Music Industry Groups Await Judgment On Breakthrough Royalty Agreement

Print This Post Print This Post

Music industry groups in the United States recently struck what they call an “historic” agreement on mechanical royalty rates and standards in a digital age. Now, they are awaiting final approval on the agreement.

The Recording Industry Association of America (RIAA), National Music Publishers’ Association (NMPA), and Digital Media Association (DiMA) filed an industry-wide agreement that they said “fully resolves” the Copyright Royalty Board (CRB) Rate Proceeding under Section 115 of the US Copyright Act.

The industry announcement and submission of the 25-page agreement came on 11 April. According to industry sources, the Copyright Royalty Judges must issue a final determination no later than 15 days before the expiration of current statutory rate and terms, which is on 1 January 2013.

The timing of the decision is at the discretion of the judges, and one of the judges recently stepped down, with a new justice expected to join in May, the source said.

Industry is “hopeful” that the Board determination will come soon, since the agreement is collaborative. The agreement covers the period from 2013 to 2017.

“The agreement simplifies licensing burdens for digital music and, we believe, enables music entrepreneurs to develop new business models since they can now have more cost certainty for mechanical rights,” Amy Lee of the NMPA told Intellectual Property Watch. “This is good news for music fans everywhere (and music entrepreneurs).”

Newly created royalty-rate categories reflect newly developed music services, such as music lockers, and “anticipates soon-to-come offerings,” she said.

“From the songwriters and music publisher perspective, we believe the agreement will help songwriters and music publishers benefit from the growing digital music market,” said Lee.

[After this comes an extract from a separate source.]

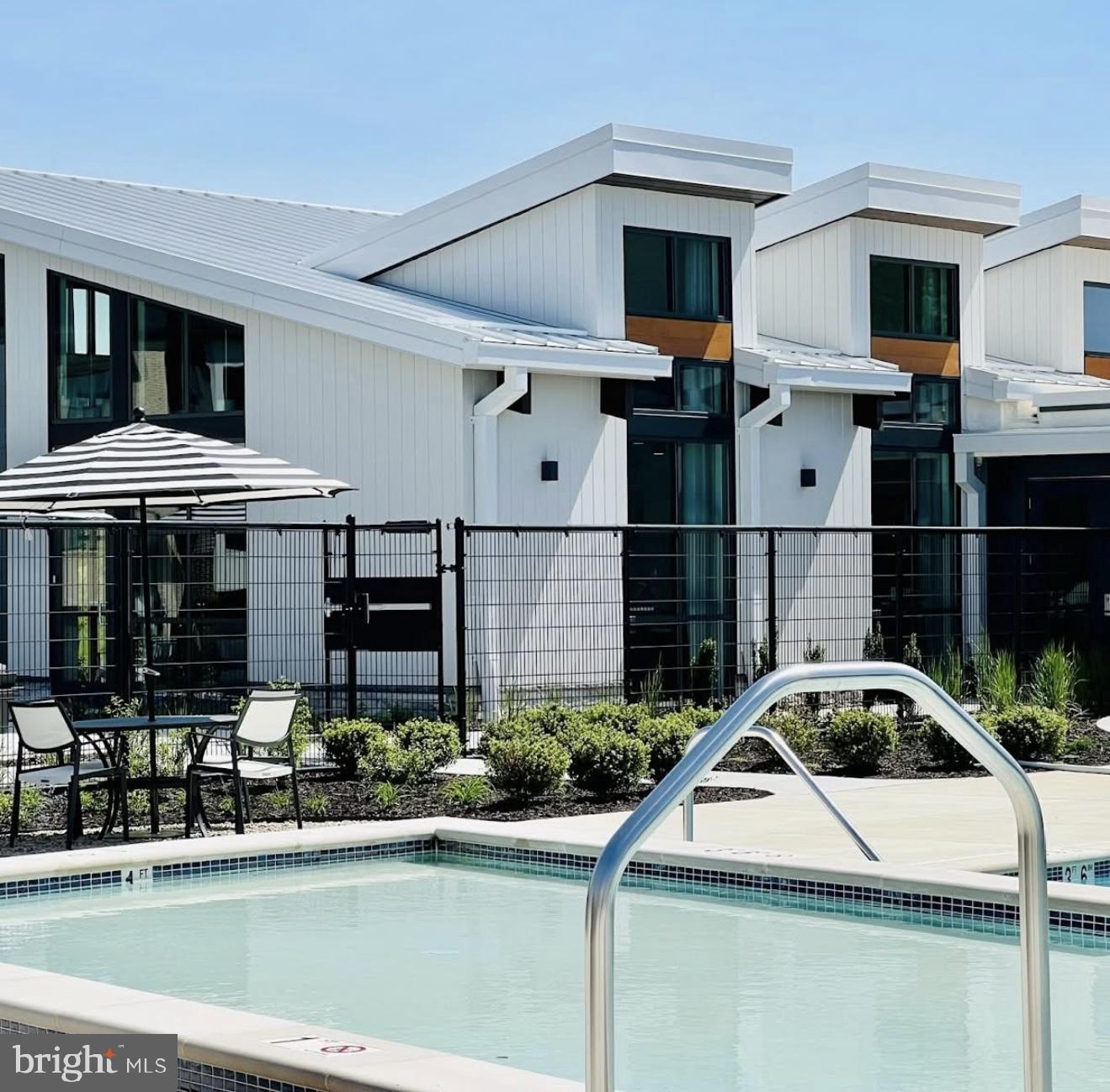 TANYARD SHORES - Residential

According to RIAA, the agreement, submitted in the form of draft regulations, “proposes for the first time mechanical royalty rates for interactive streaming and limited downloads, including for subscription and ad-supported services. The agreement proposes a flexible percentage of revenue rate structure, with minimum payments in certain circumstances.”

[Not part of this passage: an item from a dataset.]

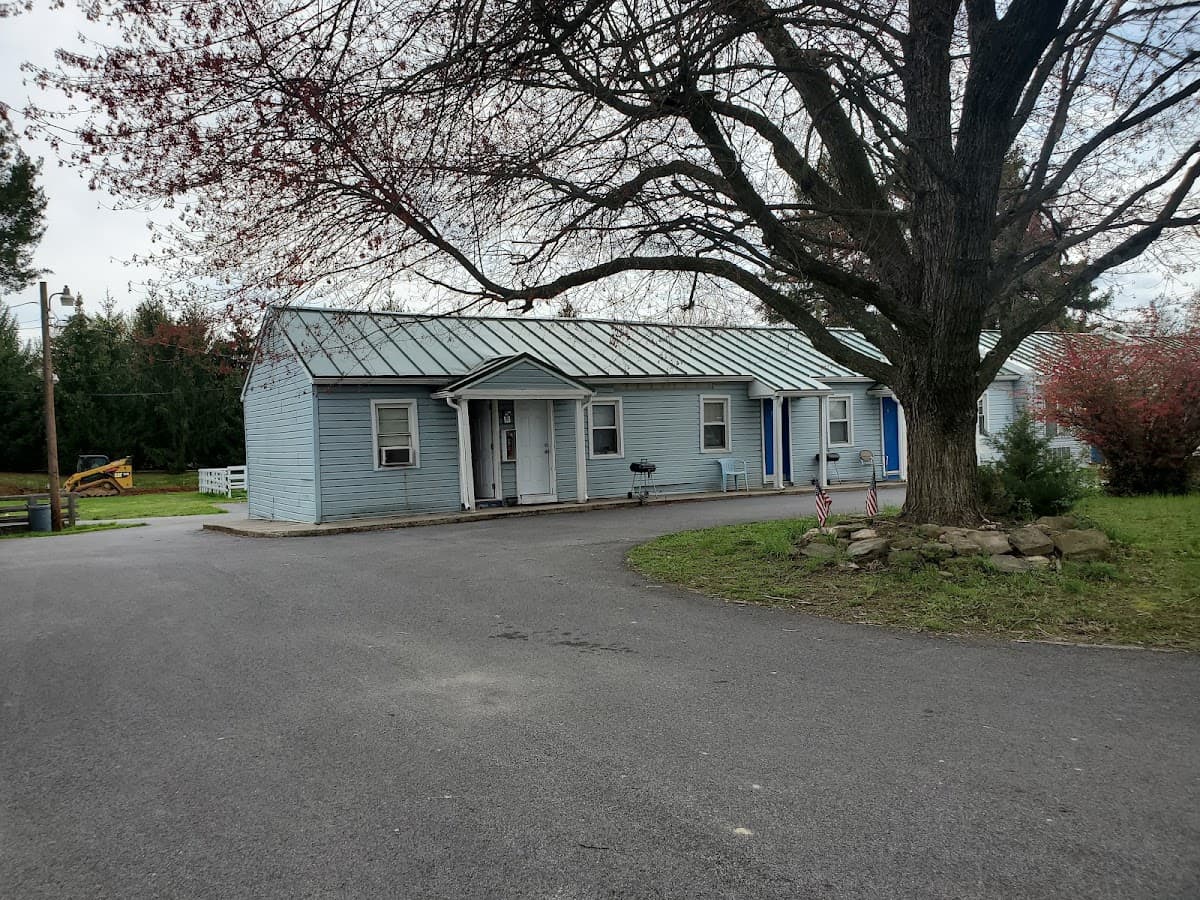Dutch Village Motel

“Limited download and interactive streaming services will generally pay a mechanical royalty of 10.5 percent of revenue, less any amounts owed for performance royalties,” RIAA said. “In certain instances, royalty-free promotional streaming is allowed.”

Non-interactive, audio-only streaming services “do not require reproduction or distribution licenses from copyright owners,” the association said. And the agreement “does not address royalty rates for physical product or permanent music downloads.”

Highlights of the agreement (from the industry press release):

“The settlement provides for the development of new digital music services and business models offering music to consumers by creating new rates and terms under Section 115 for five new categories, which include:
• Mixed service bundles (for example, a locker service, limited interactive service, downloads or ringtones combined with a non-music product such as a mobile phone, consumer electronics device or Internet service)
• Paid locker services (subscription-based locker providing on-demand streaming and downloads)
• Purchased content lockers (a free locker functionally provided to a purchaser of a permanent digital download, ringtone or CD where the music provider and locker have an agreement)
• “Limited offerings” (subscription-based service offering limited genres of music or specialized playlists)
• Music bundles (bundling music products such as CDs, ringtones and permanent digital downloads)”

The agreement “establishes a royalty rate category for these new business models and rolls forward, with limited changes, all existing rates and terms for CDs and downloads,” they said.

Statements of support were issued by the proponents, and are as follows:

Lee Knife, Executive Director, DiMA:
“From the advent of internet radio services, to online music stores, on-demand streaming and more recently, cloud-based music services, digital media providers thrive on creating new ways for fans to enjoy more music whenever and wherever they want,” Knife said. “Today’s agreement paves the way for our members to continue developing exciting new business models that satisfy consumers, create greater revenue opportunities for music creators and effectively fight piracy, the music industry’s greatest threat.”

David Israelite, President and CEO, NMPA:
“Today’s agreement is not only an important show of industry cooperation, but a testament to the value of the creative content being provided to consumers,” said Israelite. “This agreement represents the culmination of months of discussions among the music industry, digital service providers and technology companies, and will provide more consumer choice with respect to when and how to access music while ensuring songwriters and music publishers continue to thrive in the digital age.”

Cary Sherman, Chairman and CEO, RIAA:
“This is a historic agreement that reflects our mission to make it easier for digital music services to launch cutting-edge business models and streamline the licensing process,” said Sherman. “This is a major win for consumers, the music community, and entrepreneurs and investors in new music services. Getting to an agreement was a challenge, and I want to thank Steve Marks, our lead negotiator, for his persistence and creativity in getting a deal done.”